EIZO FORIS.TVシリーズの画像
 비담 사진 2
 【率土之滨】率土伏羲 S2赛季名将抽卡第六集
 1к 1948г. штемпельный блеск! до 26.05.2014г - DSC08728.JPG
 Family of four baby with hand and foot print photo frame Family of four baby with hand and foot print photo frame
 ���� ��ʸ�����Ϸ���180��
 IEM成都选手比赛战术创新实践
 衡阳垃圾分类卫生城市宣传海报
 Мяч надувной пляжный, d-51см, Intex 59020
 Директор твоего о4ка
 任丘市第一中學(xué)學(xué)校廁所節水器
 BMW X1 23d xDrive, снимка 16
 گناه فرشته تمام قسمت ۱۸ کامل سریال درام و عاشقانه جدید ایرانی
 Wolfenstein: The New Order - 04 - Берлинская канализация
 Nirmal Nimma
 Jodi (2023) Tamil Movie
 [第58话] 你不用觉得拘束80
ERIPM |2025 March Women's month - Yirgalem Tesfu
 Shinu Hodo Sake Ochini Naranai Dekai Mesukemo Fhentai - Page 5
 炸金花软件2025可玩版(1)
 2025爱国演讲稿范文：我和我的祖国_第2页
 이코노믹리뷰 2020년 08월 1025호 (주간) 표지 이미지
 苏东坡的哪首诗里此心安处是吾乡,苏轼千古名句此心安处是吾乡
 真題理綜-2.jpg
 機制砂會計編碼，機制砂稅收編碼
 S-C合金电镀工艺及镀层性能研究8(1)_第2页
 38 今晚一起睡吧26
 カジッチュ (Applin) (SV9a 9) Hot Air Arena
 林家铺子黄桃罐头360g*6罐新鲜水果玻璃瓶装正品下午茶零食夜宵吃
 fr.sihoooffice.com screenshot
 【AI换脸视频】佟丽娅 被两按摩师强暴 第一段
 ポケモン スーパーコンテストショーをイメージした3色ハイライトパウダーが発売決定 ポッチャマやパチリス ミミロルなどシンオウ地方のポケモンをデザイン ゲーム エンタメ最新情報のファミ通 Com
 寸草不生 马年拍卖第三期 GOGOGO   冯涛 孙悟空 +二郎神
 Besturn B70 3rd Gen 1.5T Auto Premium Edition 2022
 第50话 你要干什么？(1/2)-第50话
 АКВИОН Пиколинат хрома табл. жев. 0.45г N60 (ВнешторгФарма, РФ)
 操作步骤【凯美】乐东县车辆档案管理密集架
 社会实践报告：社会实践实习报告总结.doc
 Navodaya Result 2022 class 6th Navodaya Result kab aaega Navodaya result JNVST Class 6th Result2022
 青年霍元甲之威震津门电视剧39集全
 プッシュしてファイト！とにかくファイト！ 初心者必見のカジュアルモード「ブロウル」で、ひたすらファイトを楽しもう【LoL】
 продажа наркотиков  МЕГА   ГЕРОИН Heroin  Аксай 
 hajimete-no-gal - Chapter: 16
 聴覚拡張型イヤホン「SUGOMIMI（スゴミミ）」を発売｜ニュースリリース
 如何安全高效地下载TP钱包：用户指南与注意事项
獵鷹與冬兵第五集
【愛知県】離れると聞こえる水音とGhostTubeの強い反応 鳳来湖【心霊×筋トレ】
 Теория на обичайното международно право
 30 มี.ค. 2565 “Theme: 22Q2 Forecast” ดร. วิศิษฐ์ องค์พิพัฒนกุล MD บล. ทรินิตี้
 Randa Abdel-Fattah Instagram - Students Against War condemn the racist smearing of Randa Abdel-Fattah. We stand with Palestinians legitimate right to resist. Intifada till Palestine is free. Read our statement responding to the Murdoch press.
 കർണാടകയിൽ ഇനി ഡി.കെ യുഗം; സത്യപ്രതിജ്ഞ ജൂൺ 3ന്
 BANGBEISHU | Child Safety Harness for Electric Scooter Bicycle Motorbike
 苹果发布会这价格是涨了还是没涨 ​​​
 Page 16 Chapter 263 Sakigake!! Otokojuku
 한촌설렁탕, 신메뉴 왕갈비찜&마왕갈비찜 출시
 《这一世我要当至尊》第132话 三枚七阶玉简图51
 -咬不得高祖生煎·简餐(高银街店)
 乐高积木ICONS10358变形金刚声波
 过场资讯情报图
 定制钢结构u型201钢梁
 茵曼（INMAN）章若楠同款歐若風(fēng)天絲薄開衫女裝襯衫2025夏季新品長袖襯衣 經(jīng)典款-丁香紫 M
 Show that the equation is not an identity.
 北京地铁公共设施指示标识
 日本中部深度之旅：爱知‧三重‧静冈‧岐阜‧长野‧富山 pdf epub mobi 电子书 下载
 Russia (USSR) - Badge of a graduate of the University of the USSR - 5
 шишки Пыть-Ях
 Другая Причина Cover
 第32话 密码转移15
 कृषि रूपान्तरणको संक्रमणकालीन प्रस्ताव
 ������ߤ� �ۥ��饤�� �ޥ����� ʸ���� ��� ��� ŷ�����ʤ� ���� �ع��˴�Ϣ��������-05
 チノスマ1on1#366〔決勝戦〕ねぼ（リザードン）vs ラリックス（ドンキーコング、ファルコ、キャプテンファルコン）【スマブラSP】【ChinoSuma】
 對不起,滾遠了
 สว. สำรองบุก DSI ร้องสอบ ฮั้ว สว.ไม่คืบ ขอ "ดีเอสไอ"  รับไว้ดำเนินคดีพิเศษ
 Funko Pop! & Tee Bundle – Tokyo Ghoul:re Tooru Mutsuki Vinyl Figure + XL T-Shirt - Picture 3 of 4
^^^^^^^^
Everything from the line with "-咬不得高祖生煎·简餐(高银街店)" through the end of the listing, both ends included, needs to be transcribed exactly, with no other lines.

 -咬不得高祖生煎·简餐(高银街店)
 乐高积木ICONS10358变形金刚声波
 过场资讯情报图
 定制钢结构u型201钢梁
 茵曼（INMAN）章若楠同款歐若風(fēng)天絲薄開衫女裝襯衫2025夏季新品長袖襯衣 經(jīng)典款-丁香紫 M
 Show that the equation is not an identity.
 北京地铁公共设施指示标识
 日本中部深度之旅：爱知‧三重‧静冈‧岐阜‧长野‧富山 pdf epub mobi 电子书 下载
 Russia (USSR) - Badge of a graduate of the University of the USSR - 5
 шишки Пыть-Ях
 Другая Причина Cover
 第32话 密码转移15
 कृषि रूपान्तरणको संक्रमणकालीन प्रस्ताव
 ������ߤ� �ۥ��饤�� �ޥ����� ʸ���� ��� ��� ŷ�����ʤ� ���� �ع��˴�Ϣ��������-05
 チノスマ1on1#366〔決勝戦〕ねぼ（リザードン）vs ラリックス（ドンキーコング、ファルコ、キャプテンファルコン）【スマブラSP】【ChinoSuma】
 對不起,滾遠了
 สว. สำรองบุก DSI ร้องสอบ ฮั้ว สว.ไม่คืบ ขอ "ดีเอสไอ"  รับไว้ดำเนินคดีพิเศษ
 Funko Pop! & Tee Bundle – Tokyo Ghoul:re Tooru Mutsuki Vinyl Figure + XL T-Shirt - Picture 3 of 4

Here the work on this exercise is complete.